* EXERCISE GOAL
Repeat the records below exactly from the line containing "Bird Silhouette And" to the line containing "image FDA-E.2916_28_13-2016", taking in both of those lines. Drop the pictures.

* EXCERPTED RECORDS
────────────────

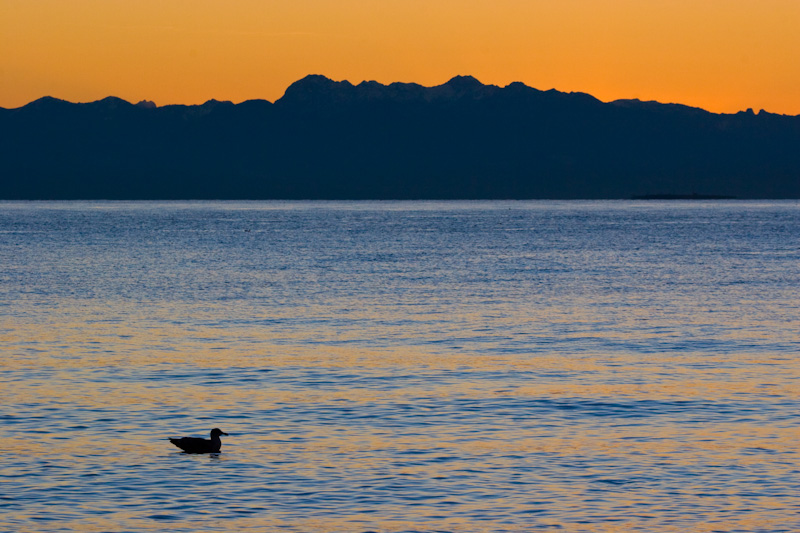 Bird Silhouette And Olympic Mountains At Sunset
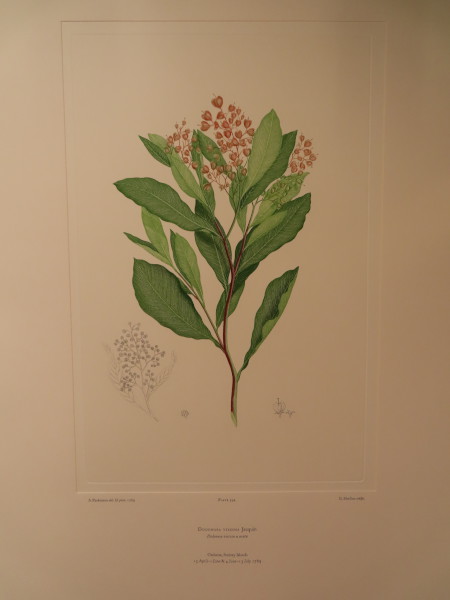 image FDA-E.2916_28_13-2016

────────────────

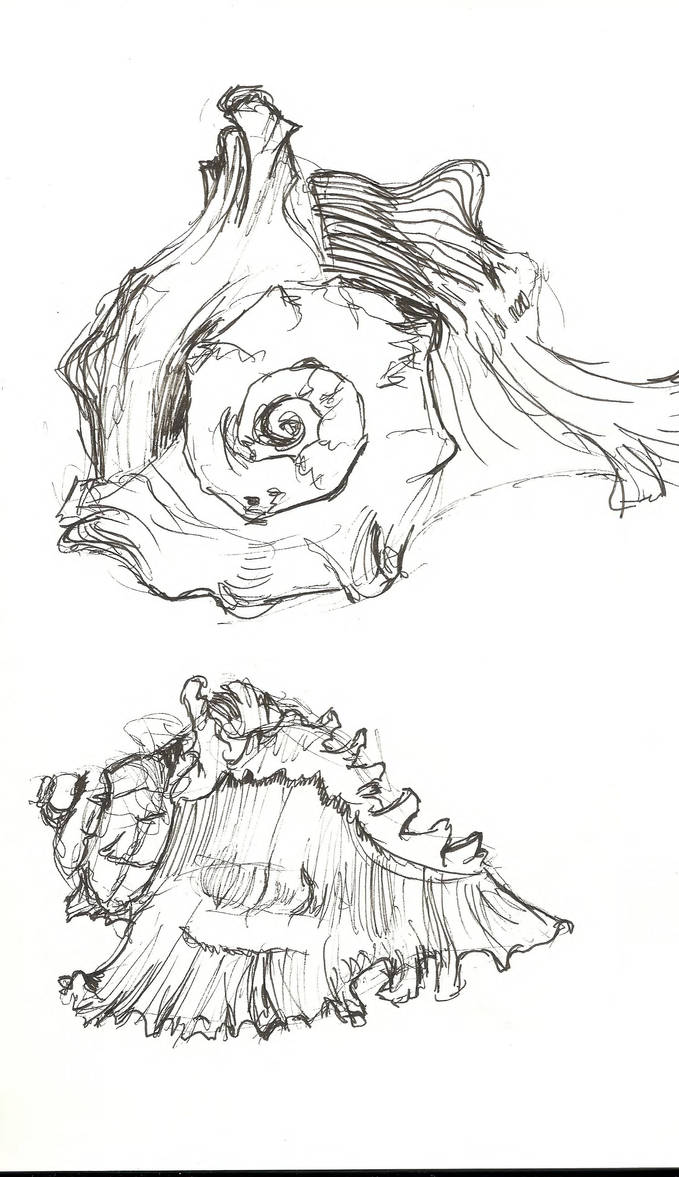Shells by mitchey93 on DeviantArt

────────────────

* SOLUTION
 Bird Silhouette And Olympic Mountains At Sunset
 image FDA-E.2916_28_13-2016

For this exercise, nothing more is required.